If a Court Decides That a Document Deserves Work Product Protection, Should the Court Also Deal With a Privilege Claim?

January 31, 2018

Wise lawyers always consider both attorney-client privilege and work product protection when withholding a document or testimony.  Privilege protection is absolute but fragile.  Work product protection is qualified but robust.  Judges sometimes short circuit the review process by examining only one of the two possible protections.

In Western Challenger, LLC v. DNV GL Group, the court held that emails plaintiff withheld from discovery deserved work product protection, so “the Court need not decide whether the emails are also subject to the attorney-client privilege.”  Case No. C16-0915-JCC, 2017 U.S. Dist. LEXIS 182249, at *3 (W.D. Wash.

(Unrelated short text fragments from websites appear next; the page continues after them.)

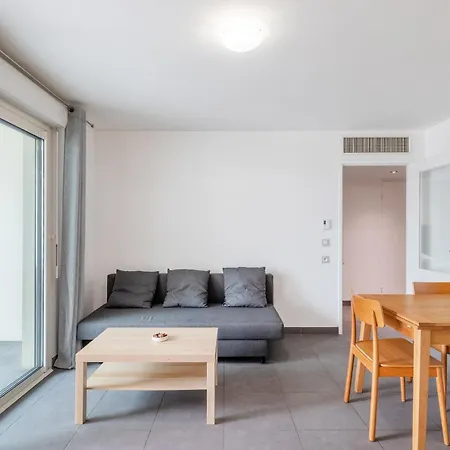 Le Printemps, Centre Juan Les Pins , 100m Des Plages, 70m De La Gare De Juan Les Pins Apartamento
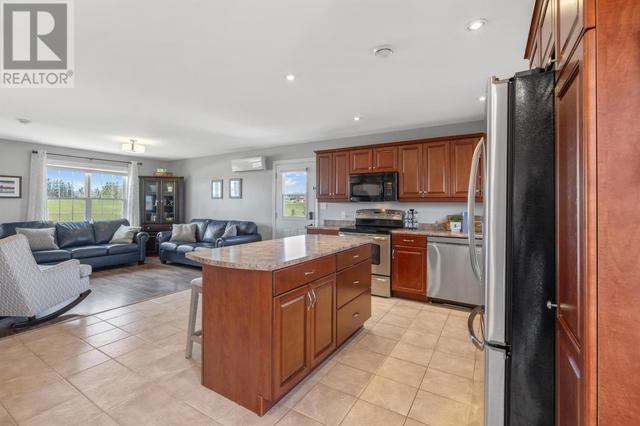 2 Jake Dr, House detached with 3 bedrooms, 2 bathrooms and null parking in Cornwall PE | Image 11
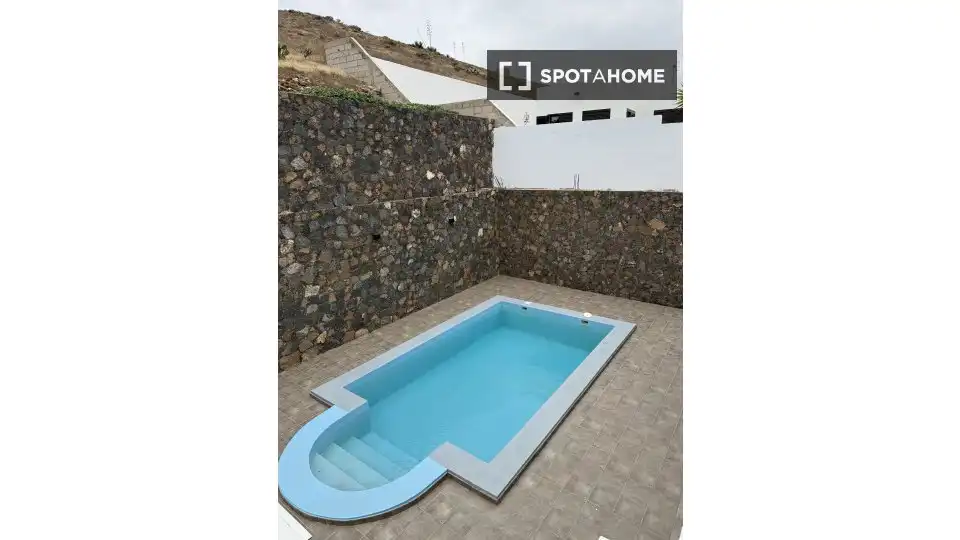 Piscina de Apartamento para compartir en Tinajo con Aire acondicionado, Terraza y Amueblado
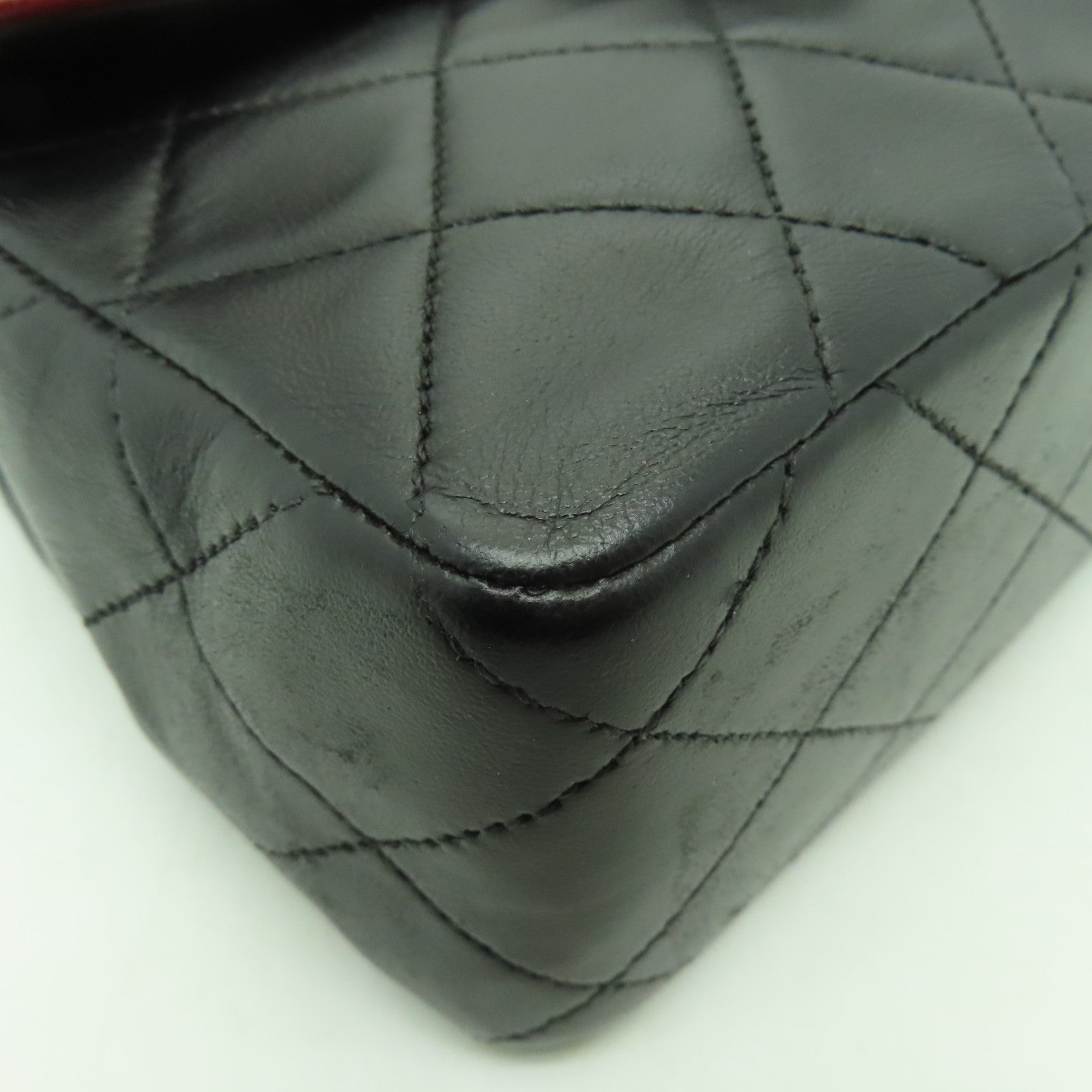 CHANEL 【清倉大減價】菱格羊皮皮革Classic Flap Mini金扣鏈帶肩背袋黑色/紅色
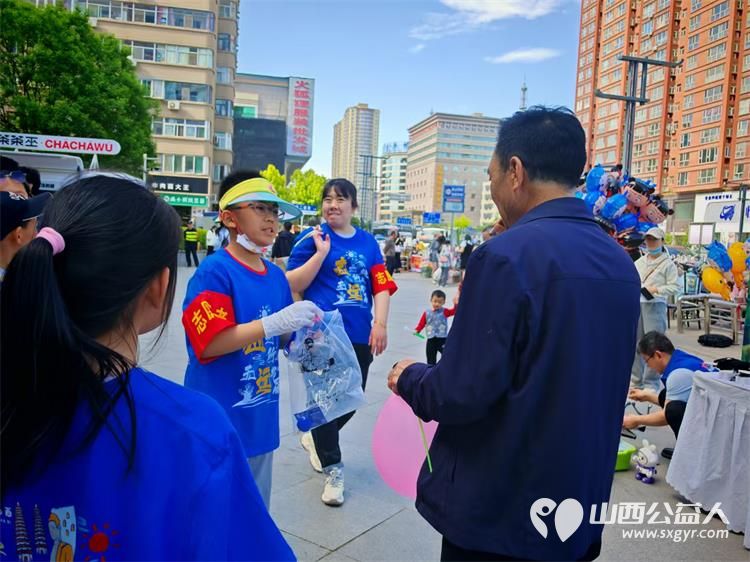 太原市儿童友好促进会儿童公益专委会在万达广场倡导烟头不落地、为环卫工人筹集爱心伞 - 第4张
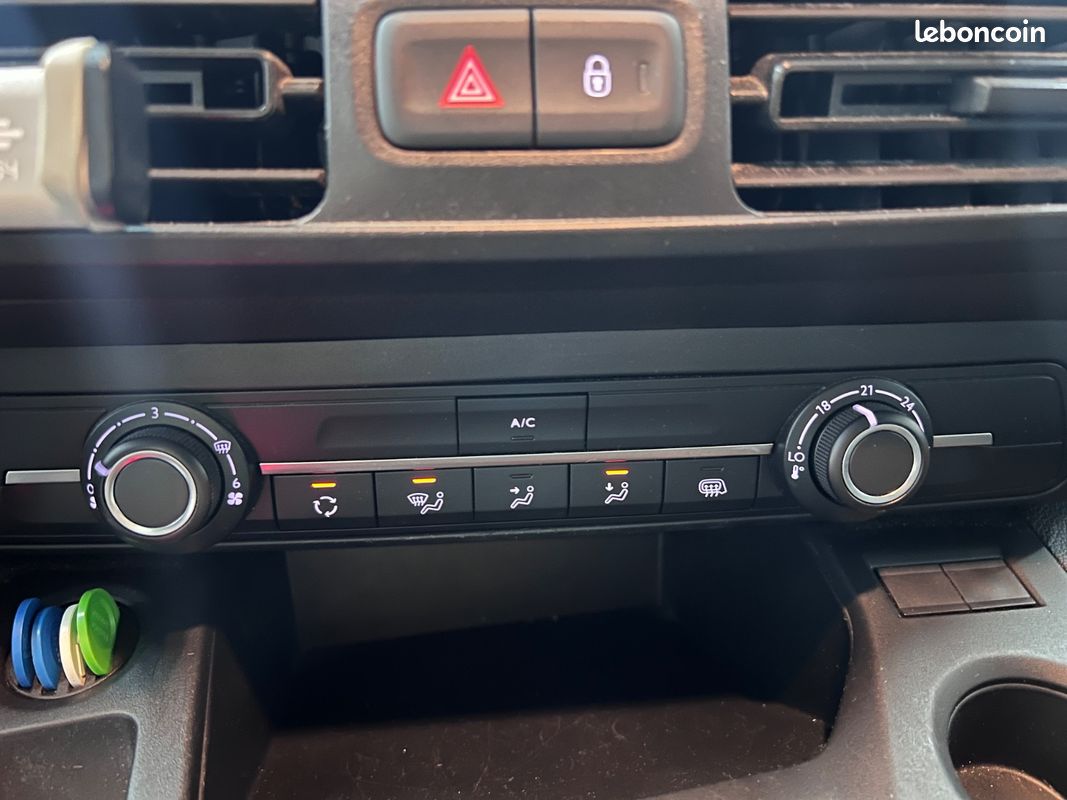 Peugeot Partner Premium L1 1.5 BlueHDI 130cv/3 Places/CarPlay/Radar AR/Régulateur De Vitesse (image 20)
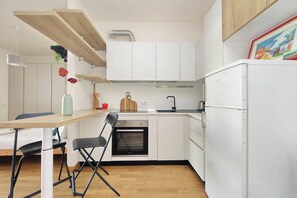 Fridge, oven, stovetop, coffee/tea maker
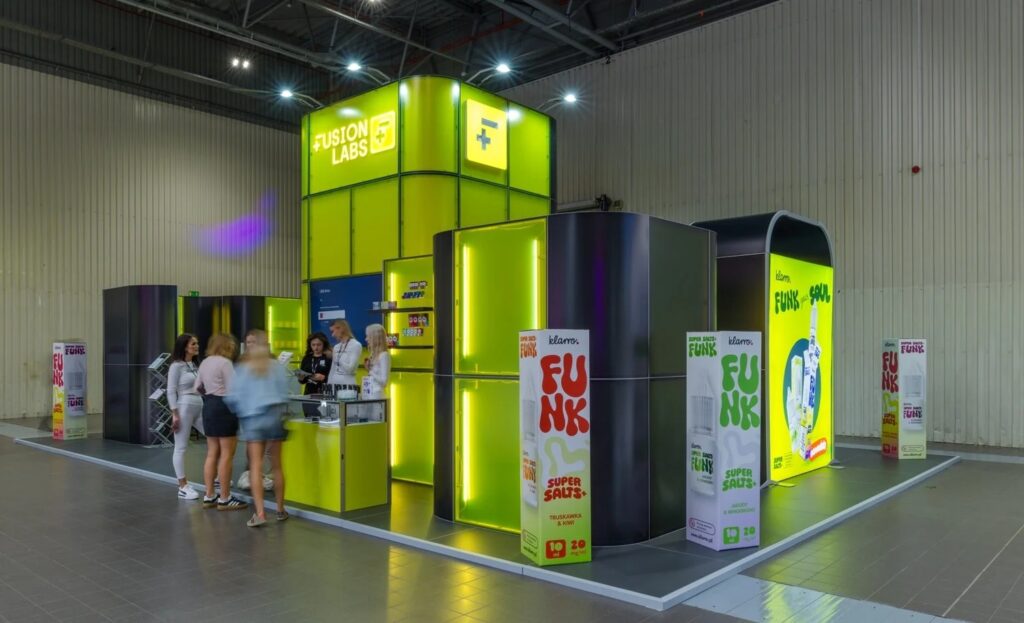 A modern modular exhibition stand by Clever Frame for Fusion Labs brand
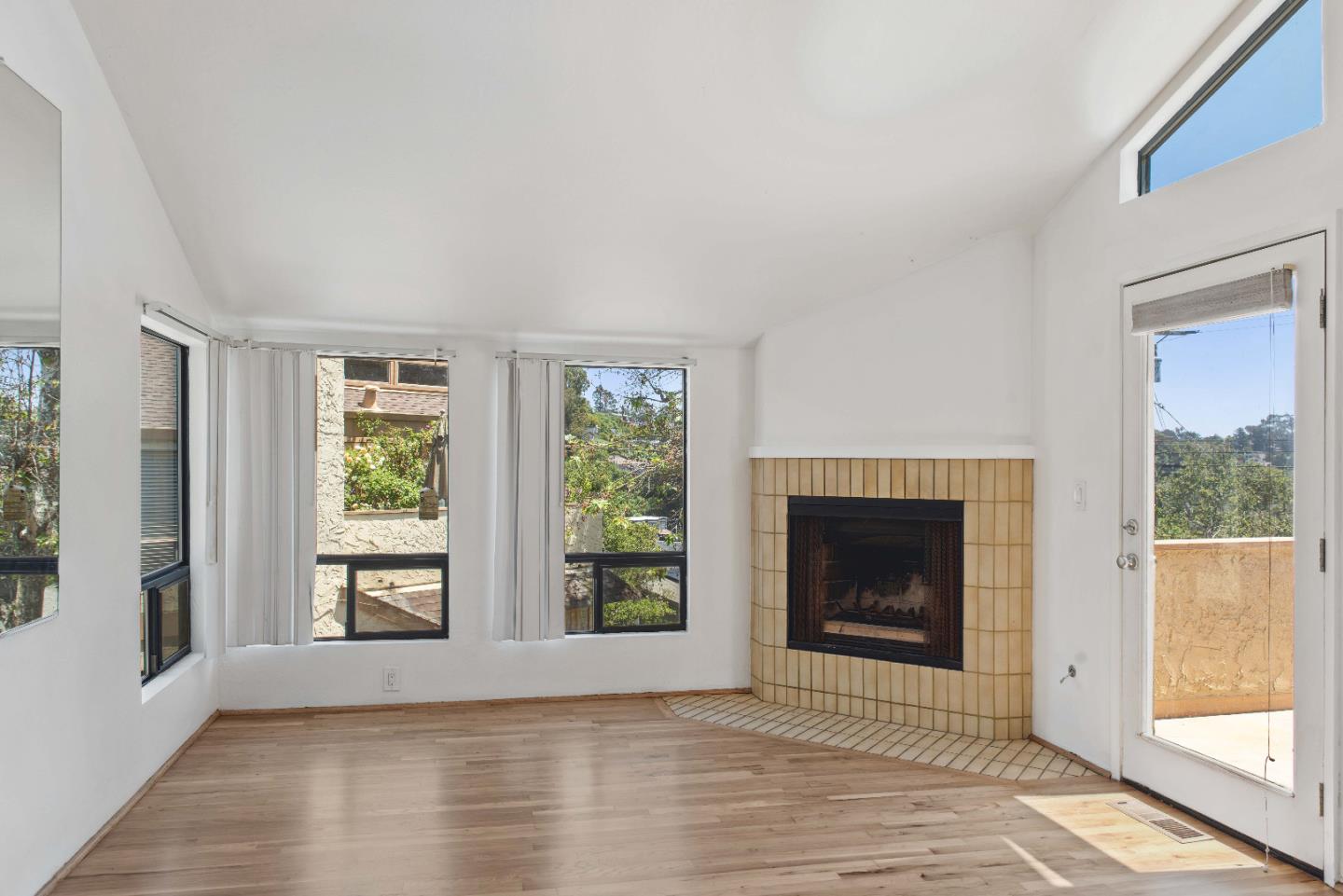 Detail Gallery Image 7 of 21 For 26 Seacliff Dr, Aptos,  CA 95003 - 2 Beds | 2/1 Baths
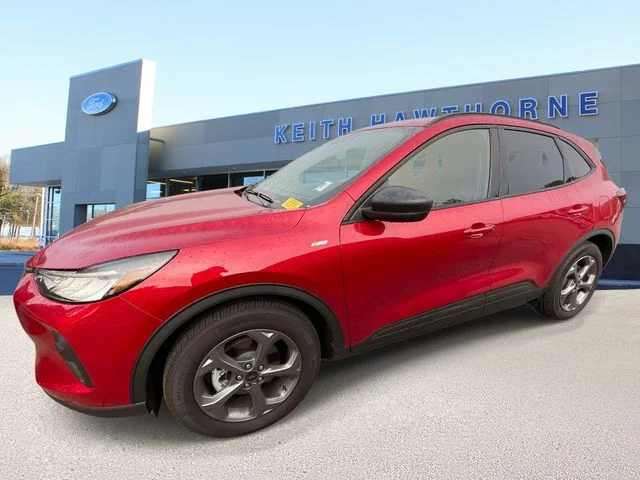 Used 2025 Red Metallic Ford ST-Line image 4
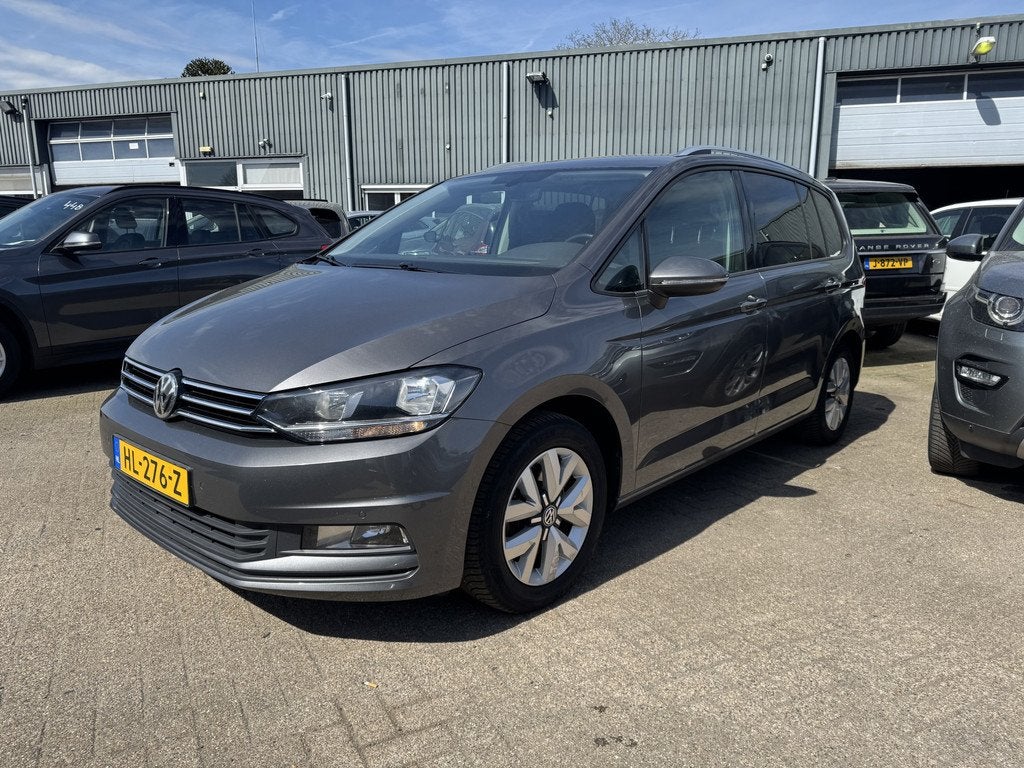 Volkswagen Touran 1.6 TDI SCR Comfortline 7p Automaat, Stof, Gebruikt, Euro 6, 7 stoelen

Nov. 2, 2017).  If the court had stopped there, it would have left a gap in the appropriate analysis – because the defendant might later seek to overcome the qualified work product protection.  But the court combined its short circuit approach with its conclusion that defendants “do not meaningfully argue” that they could overcome plaintiff’s work product claim.  Id. at *3 n.1.

Some courts are not as thoughtful as this.  And some courts fail to analyze work product protection if they find that the privilege protects a withheld document.  That approach is also frequently inappropriate, because discovery might later show that the client disclosed the withheld document to a friendly third party – which would have waived the fragile privilege protection but not the robust work product protection.